What to produce - Reproduce the lines from the one holding "Libellen-Schmetterlingshaft Libelloides coccajus" to the end of the entries. Include both ends and change nothing.

___ Working data

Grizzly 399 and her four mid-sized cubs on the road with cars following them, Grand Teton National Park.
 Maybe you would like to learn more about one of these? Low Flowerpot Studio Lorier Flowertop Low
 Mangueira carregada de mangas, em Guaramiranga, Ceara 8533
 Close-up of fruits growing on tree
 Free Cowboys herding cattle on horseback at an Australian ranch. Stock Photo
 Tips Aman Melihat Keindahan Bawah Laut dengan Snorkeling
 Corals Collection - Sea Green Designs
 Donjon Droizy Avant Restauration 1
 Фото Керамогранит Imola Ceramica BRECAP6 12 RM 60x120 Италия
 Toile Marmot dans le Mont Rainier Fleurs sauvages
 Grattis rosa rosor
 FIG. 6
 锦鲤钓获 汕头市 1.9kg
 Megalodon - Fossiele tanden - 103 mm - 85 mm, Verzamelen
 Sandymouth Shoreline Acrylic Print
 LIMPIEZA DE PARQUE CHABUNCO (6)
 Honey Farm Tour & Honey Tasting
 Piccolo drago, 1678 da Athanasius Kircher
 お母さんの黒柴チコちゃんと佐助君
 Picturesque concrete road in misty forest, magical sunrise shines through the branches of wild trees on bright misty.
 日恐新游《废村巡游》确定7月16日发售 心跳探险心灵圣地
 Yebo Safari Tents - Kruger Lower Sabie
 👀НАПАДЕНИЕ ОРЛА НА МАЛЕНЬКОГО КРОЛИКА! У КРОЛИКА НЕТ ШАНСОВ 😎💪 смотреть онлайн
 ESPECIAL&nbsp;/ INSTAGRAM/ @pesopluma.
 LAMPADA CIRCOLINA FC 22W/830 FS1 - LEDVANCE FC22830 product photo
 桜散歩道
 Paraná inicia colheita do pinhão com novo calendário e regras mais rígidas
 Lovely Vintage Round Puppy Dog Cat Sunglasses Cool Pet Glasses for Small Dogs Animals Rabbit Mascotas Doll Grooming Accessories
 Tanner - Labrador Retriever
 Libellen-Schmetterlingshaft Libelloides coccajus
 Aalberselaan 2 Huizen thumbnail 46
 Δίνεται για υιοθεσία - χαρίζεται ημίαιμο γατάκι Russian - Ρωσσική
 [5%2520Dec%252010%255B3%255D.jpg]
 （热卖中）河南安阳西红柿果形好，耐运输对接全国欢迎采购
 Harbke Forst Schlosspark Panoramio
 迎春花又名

______

Task solution -
 Libellen-Schmetterlingshaft Libelloides coccajus
 Aalberselaan 2 Huizen thumbnail 46
 Δίνεται για υιοθεσία - χαρίζεται ημίαιμο γατάκι Russian - Ρωσσική
 [5%2520Dec%252010%255B3%255D.jpg]
 （热卖中）河南安阳西红柿果形好，耐运输对接全国欢迎采购
 Harbke Forst Schlosspark Panoramio
 迎春花又名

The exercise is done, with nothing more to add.